___ Available data ___

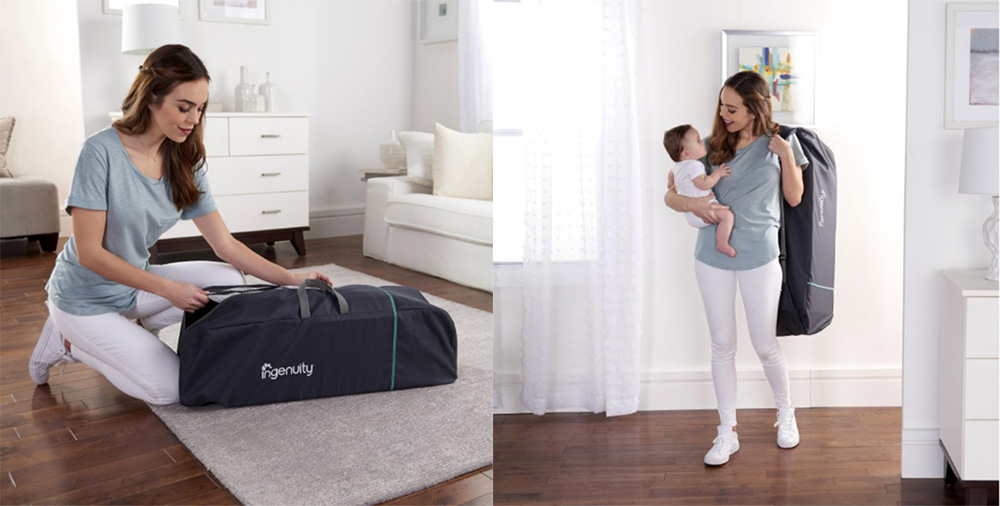 KIDS II Ingenuity Prenosivi krevetac 2 nivoa Travel Simple Cot - BEAUMONT 11163 - pogled 4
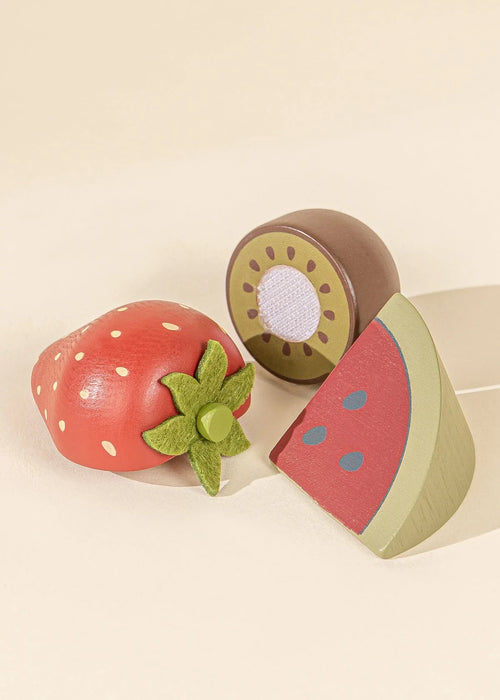 Ensemble de fruits en bois - Précommande 30 Mai
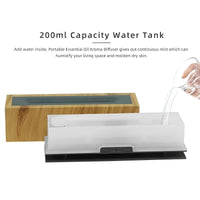 Multifunctional Aroma Humidifier - GlowFlame-Light Wood Grain-State of Style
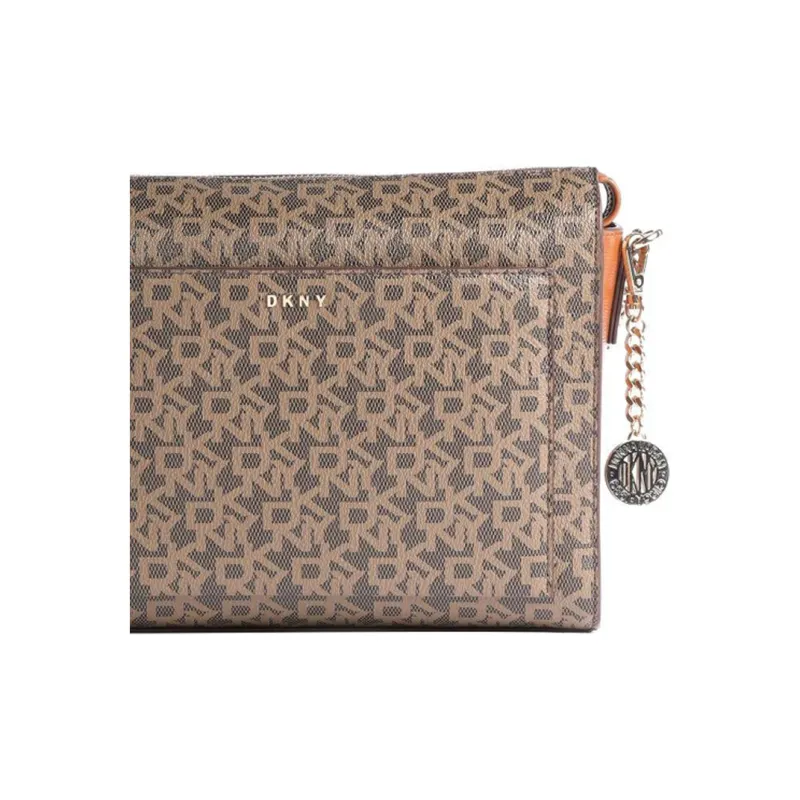DKNY Artificial Leather Crossbody Bag, Shoulder Bag Women's Brown-4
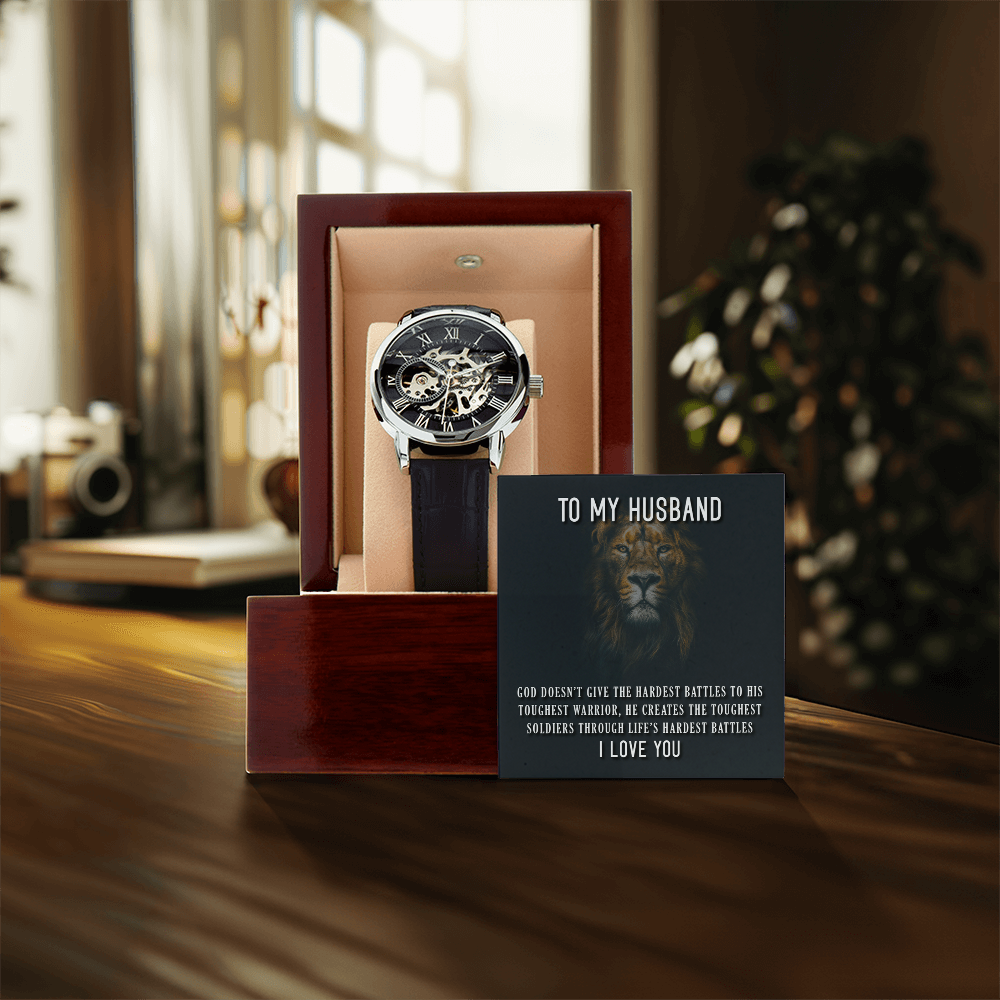 To My Husband Openwork Watch, Birthday Gift From Wife, Fathers Day Gift ShineOn Fulfillment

___

- **Activity**
Would you please print only the lines running from the one with "Ensemble de fruits" to the final line of the entries above, exactly as written and without pictures?

- **Completed exercise**
 Ensemble de fruits en bois - Précommande 30 Mai
 Multifunctional Aroma Humidifier - GlowFlame-Light Wood Grain-State of Style
DKNY Artificial Leather Crossbody Bag, Shoulder Bag Women's Brown-4
 To My Husband Openwork Watch, Birthday Gift From Wife, Fathers Day Gift ShineOn Fulfillment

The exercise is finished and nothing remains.